Daughters can be hard on Dad’s ego. I know this, having raised three daughters myself. (My wife may have helped some).
There are several specific incidents where my daughters dealt me a healthy dose of humility. The first involved a James Bond video game. My oldest daughter was 13 when we got Golden Eye 007. This game allowed for multiple players to compete with pistols while wandering around in various 3D scenarios, such as buildings, caves, etc.
This one was especially hard on Dad’s ego. I lack the ability to think in terms of 3 dimensions in a video game. My clever approach to the game included wandering aimlessly, hopelessly lost, in search of my opponent. I usually took the role of James Bond, while my daughter played the villain.
Let’s just say that poor old James died a lot. My daughter had no trouble finding her way around in those 3D mazes. She took great delight in sneaking up on me/007 and dispatching my character repeatedly. My frustration often grew to the level where I wanted my spy to jump off a cliff. Unfortunately, that particular strategy was not programmed into the game.

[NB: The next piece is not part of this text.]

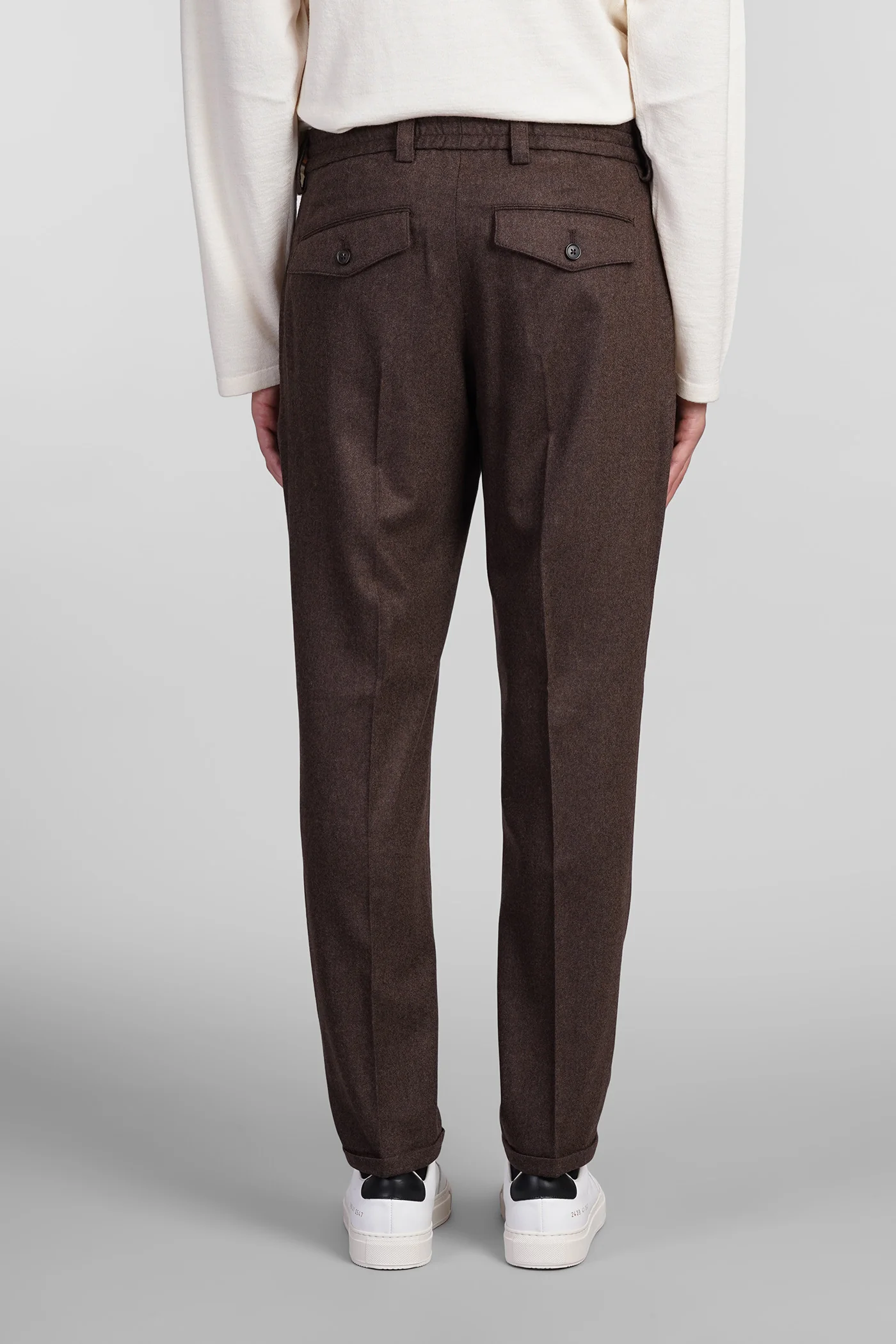 Pants in brown wool - Image 3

As if this was not bad enough, my 13-year-old taught my 11-year-old how to play the game. She also had the intuitive ability to find her way around in this virtual 3D world. The two of them would gang up on me, and giggle ruthlessly as they dispatched daddy James Bond over and over. They would even take turns, predicting where and when they would shoot poor 007. If the real James Bond had been as bad as his job as I was at that game, jolly old England would have been in deep doo-doo.

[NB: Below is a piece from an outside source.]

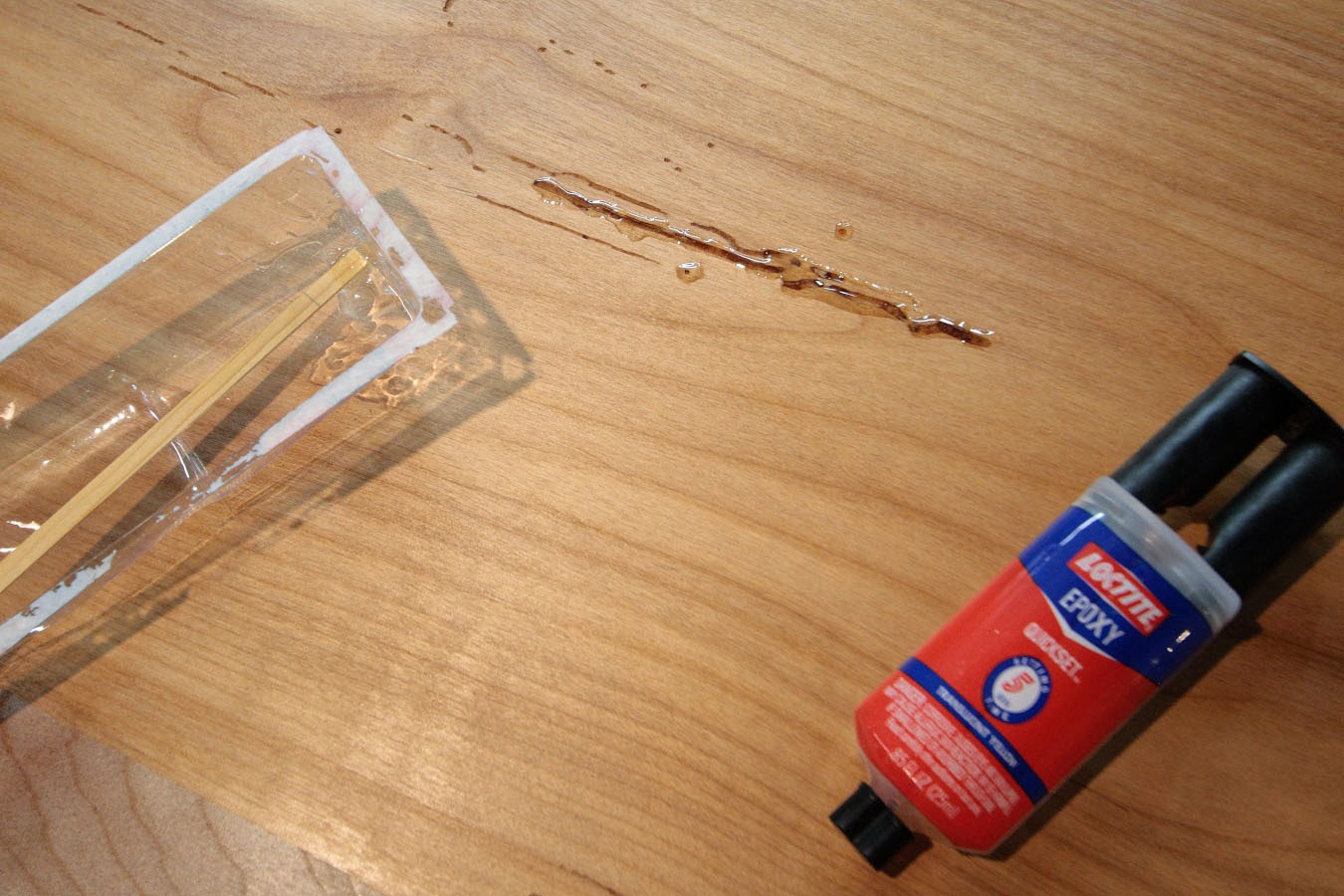 Made by John Filling Surface Defects With 5minute Epoxy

Then my youngest daughter became old enough to play video games. We started when she was seven, playing a Mickey and Minnie Mouse racing game. I was always Mickey, and we raced in a number of different types of cars and motorcycles. Again, the race tracks were all in 3D, including buildings, highways, mountains, you name it.
I spent as much time going the wrong direction as I did racing her, and I never won a single race in all the years we played that game. She took great delight in beating me, and each time I played until the frustration was too great. Then, I would make some excuse to quit. “I’m hungry. Let’s get some candy.” “I have to go to the bathroom.” “Mommy wants you to go shopping with her.” Anything to stop the ego-bruising slaughter.

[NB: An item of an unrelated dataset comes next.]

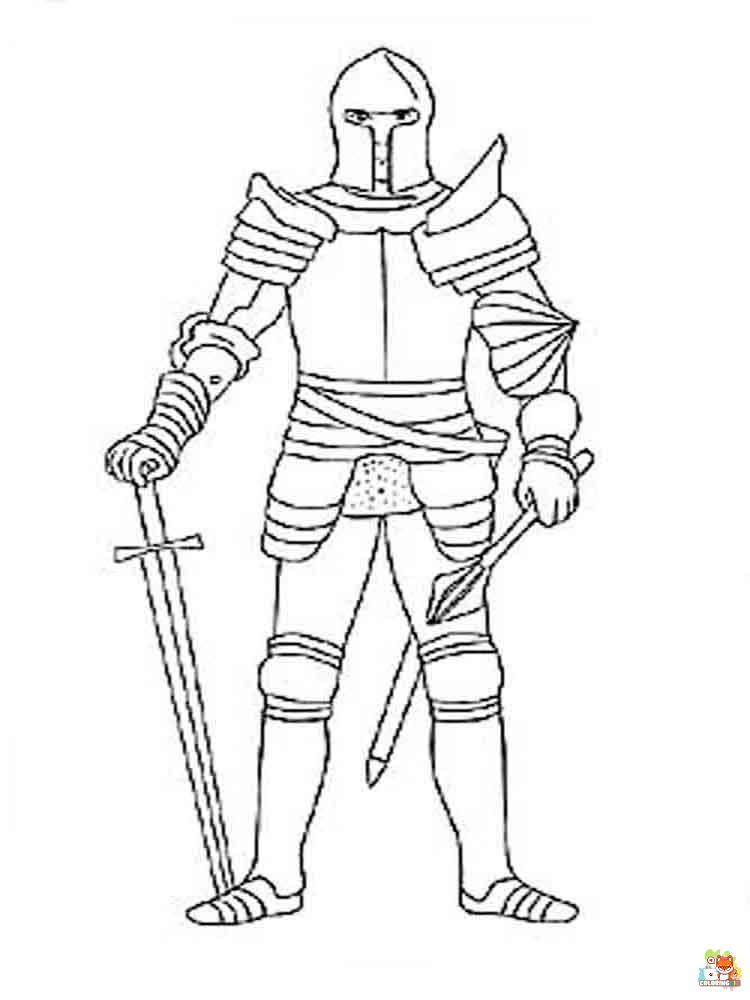 Knight Coloring Pages 12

When the youngest daughter was in junior high school, we started playing the HALO series of video games. We played together, fighting the aliens as a team. Actually, she would fight the aliens while I wandered around randomly, trying to find the aliens.
Once in a while she would lead me to a vehicle, such as a tank or truck with 50 caliber gun on the back. I usually wanted to drive, and apparently my inability to think in 3D made it difficult for her to effectively operate the gun. She would sometimes get so frustrated with my incompetence that she would shoot me or run over me with one of the vehicles. I thought this a bit extreme, but it seemed to help relieve her frustration.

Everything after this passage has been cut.